(Stored entries)
--- START ---
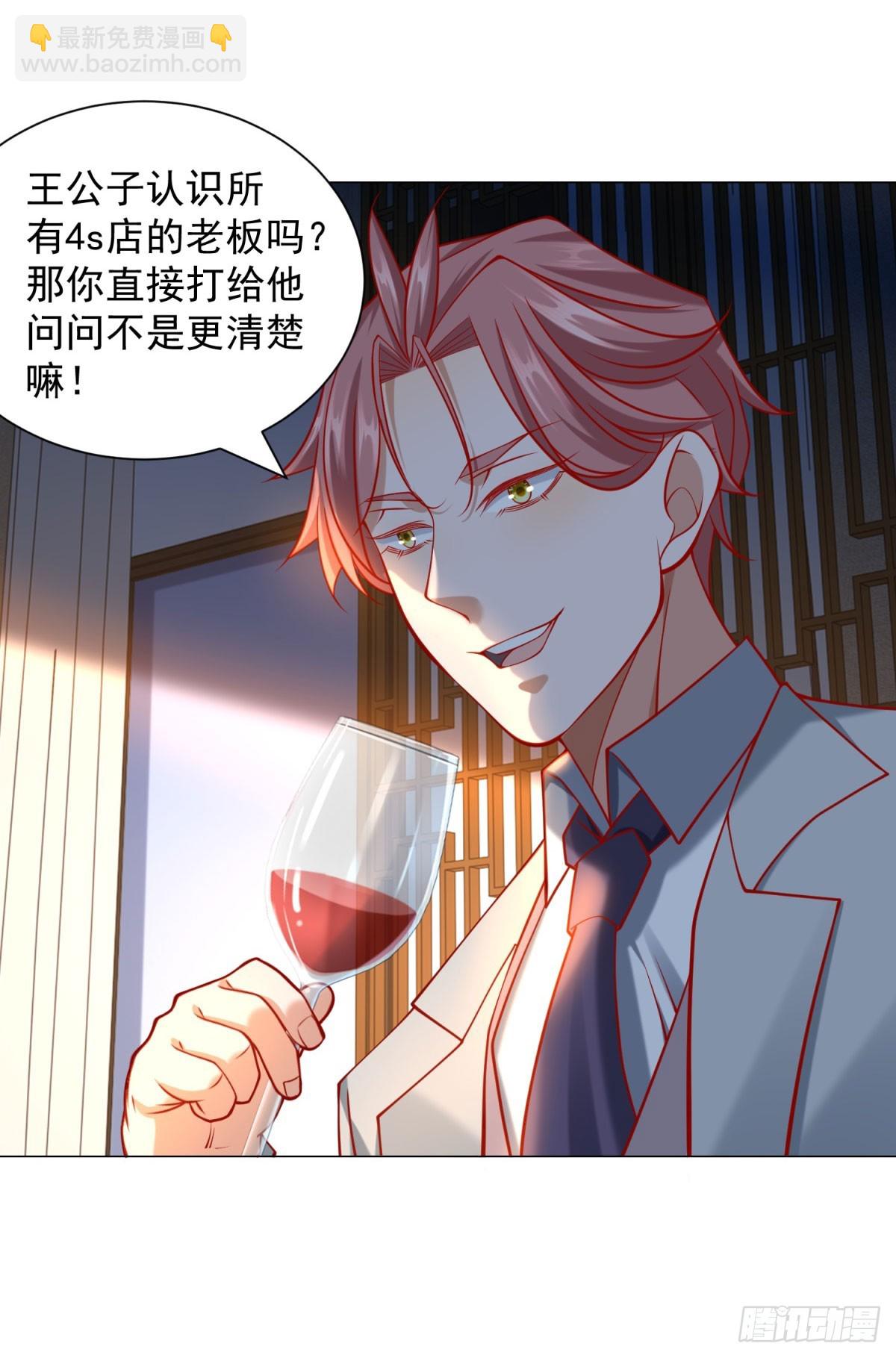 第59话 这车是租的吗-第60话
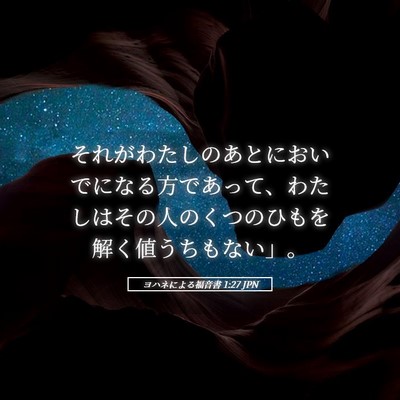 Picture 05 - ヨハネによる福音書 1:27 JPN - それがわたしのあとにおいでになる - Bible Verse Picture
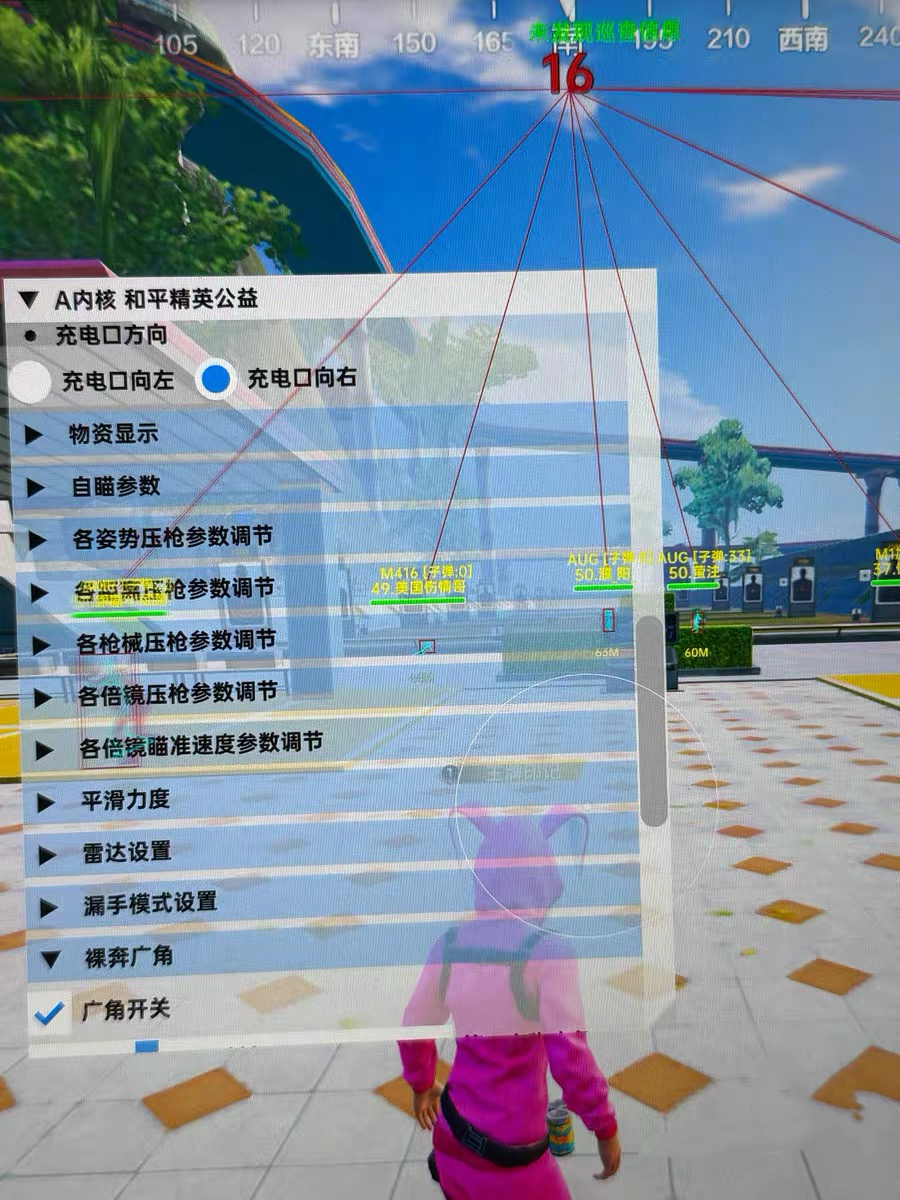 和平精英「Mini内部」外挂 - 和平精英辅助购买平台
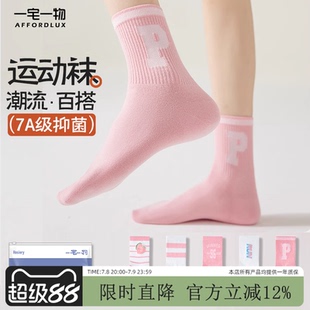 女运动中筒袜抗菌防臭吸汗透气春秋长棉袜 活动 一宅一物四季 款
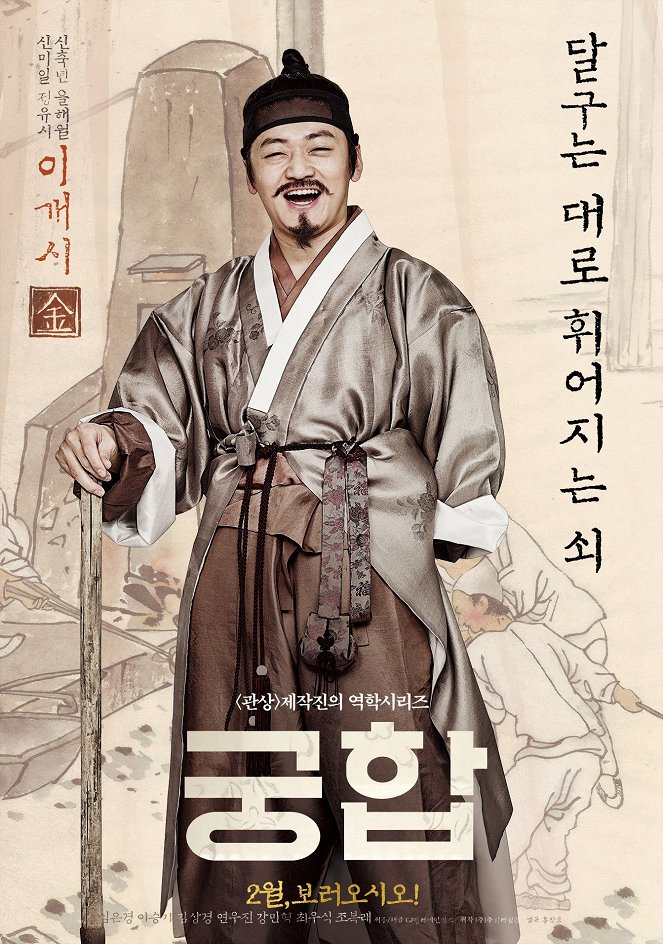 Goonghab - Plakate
--- END ---
PROBLEM DESCRIPTION
Omit every picture while transcribing the records above exactly.

REPLY
 第59话 这车是租的吗-第60话
 Picture 05 - ヨハネによる福音書 1:27 JPN - それがわたしのあとにおいでになる - Bible Verse Picture
 和平精英「Mini内部」外挂 - 和平精英辅助购买平台
 女运动中筒袜抗菌防臭吸汗透气春秋长棉袜 活动 一宅一物四季 款
 Goonghab - Plakate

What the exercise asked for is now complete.